I was working on my second year internship at a sister agency in Point Breeze and I was really interested in being a supervisor. I connected with United Communities and saw that they were doing great work and loved that they were doing this voluntary type work where they were working with parents and meeting them where they’re at and working towards their goals. I thought it was really unique and was really excited that not only did this agency have a great program but had an opening for exactly what I wanted to be doing. I got really lucky.

What is something you want the South Philadelphia community to know about the program?

I just want them to know we’re available to them. We really can work with any family that has children in the home and has goals. We have bilingual case managers and interpreters because I know that this is an extremely diverse community, culturally, linguistically, just every demographic which is amazing.

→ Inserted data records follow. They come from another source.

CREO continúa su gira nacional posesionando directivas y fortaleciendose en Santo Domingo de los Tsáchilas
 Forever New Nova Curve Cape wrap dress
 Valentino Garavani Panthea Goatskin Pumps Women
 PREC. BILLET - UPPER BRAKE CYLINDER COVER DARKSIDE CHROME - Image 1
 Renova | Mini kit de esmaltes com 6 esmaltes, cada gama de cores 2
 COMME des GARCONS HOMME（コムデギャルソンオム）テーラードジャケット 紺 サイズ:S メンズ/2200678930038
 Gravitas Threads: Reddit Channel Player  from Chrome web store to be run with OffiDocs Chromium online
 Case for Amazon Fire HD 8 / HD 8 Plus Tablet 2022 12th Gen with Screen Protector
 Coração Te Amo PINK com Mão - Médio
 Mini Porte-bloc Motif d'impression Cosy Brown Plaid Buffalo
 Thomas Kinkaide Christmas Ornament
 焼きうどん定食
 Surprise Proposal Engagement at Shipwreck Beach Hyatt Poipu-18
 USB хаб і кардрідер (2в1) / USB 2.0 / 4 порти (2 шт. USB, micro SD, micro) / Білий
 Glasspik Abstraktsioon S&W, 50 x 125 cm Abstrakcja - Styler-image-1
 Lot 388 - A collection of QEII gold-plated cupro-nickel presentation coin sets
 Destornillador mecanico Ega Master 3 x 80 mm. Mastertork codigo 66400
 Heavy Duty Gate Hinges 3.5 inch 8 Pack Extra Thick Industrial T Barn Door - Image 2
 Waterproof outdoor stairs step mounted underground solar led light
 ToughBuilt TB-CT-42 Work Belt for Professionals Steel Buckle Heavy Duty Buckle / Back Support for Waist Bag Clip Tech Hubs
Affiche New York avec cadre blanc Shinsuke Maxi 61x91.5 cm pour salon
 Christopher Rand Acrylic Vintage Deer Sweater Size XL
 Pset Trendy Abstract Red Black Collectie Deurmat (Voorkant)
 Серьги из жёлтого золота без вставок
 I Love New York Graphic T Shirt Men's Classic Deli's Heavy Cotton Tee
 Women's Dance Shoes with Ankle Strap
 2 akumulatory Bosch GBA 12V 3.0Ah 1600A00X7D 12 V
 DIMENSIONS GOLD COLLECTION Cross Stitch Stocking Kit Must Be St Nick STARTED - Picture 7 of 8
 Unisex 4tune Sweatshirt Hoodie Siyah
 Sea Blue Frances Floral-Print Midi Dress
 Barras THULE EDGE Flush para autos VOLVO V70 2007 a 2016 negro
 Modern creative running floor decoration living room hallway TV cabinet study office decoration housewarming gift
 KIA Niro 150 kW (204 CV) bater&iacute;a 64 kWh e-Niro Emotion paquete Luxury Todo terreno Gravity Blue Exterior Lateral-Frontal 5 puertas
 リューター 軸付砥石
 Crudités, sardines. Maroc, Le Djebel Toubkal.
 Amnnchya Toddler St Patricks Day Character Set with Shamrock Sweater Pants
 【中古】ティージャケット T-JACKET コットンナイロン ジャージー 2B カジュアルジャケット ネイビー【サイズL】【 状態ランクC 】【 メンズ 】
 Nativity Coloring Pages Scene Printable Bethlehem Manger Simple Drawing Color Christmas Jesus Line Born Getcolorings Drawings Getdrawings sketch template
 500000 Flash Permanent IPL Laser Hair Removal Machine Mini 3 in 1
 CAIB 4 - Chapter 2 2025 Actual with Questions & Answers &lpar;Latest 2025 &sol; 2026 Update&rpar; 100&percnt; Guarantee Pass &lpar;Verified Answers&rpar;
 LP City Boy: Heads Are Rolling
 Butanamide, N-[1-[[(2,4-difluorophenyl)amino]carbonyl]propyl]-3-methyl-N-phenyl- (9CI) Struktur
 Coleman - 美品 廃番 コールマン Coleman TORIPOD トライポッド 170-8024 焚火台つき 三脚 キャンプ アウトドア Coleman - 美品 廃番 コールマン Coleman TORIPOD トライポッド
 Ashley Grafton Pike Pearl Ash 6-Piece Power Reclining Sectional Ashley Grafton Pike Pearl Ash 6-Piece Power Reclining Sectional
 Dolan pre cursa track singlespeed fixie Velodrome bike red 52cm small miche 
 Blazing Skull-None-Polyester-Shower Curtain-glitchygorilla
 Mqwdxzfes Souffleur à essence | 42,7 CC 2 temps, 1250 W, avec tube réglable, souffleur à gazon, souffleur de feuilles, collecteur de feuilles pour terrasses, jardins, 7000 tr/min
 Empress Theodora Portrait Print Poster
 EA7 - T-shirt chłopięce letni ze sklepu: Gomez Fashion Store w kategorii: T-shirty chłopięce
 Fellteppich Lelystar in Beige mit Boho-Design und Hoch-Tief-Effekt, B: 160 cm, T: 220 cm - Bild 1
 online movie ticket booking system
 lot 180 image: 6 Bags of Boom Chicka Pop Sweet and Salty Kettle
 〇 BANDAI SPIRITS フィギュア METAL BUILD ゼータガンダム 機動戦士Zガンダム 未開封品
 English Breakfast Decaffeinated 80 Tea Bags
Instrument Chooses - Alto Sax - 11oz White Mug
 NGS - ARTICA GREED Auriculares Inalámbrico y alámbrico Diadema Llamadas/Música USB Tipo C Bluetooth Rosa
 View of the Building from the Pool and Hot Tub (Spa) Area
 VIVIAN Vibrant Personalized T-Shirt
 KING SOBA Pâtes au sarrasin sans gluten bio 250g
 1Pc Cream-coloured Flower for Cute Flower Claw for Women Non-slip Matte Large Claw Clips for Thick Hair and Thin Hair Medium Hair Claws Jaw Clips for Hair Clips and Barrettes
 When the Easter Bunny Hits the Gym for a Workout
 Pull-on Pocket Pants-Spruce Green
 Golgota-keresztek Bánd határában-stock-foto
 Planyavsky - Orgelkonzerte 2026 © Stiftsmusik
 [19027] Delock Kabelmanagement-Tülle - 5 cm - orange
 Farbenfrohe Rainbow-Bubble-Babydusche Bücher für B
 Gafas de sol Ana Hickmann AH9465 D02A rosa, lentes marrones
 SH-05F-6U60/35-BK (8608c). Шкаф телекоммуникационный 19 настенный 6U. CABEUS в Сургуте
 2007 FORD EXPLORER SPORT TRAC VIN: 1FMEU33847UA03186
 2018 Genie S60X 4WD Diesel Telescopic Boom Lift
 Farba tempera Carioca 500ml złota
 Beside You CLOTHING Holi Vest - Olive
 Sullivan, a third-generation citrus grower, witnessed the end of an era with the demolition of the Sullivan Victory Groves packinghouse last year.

What has been the most rewarding thing about being at Family Empowerment?

For me, any time I get to reassure someone or point them in the right direction, whether it’d be a staff member, a parent, a guardian or whoever’s calling me, if I’m able to hear them out or give them a resource that’s rewarding in that moment. Overall, being able to do work that helps improve people’s lives in a way that is guiding, that is really rewarding.

Lauren Fein with a backpack meant for a 3 year old boy.

When was the moment when you realized that you were making a difference in the community?

I don’t think it’s one moment. For us, every kid who is getting to school more regularly or parent who is connected to the appropriate benefits so they can provide a good life for their children, those are little things that I don’t know if it makes a difference in the community as a whole but, every one of those family units that we have an impact on, they together strengthen the community.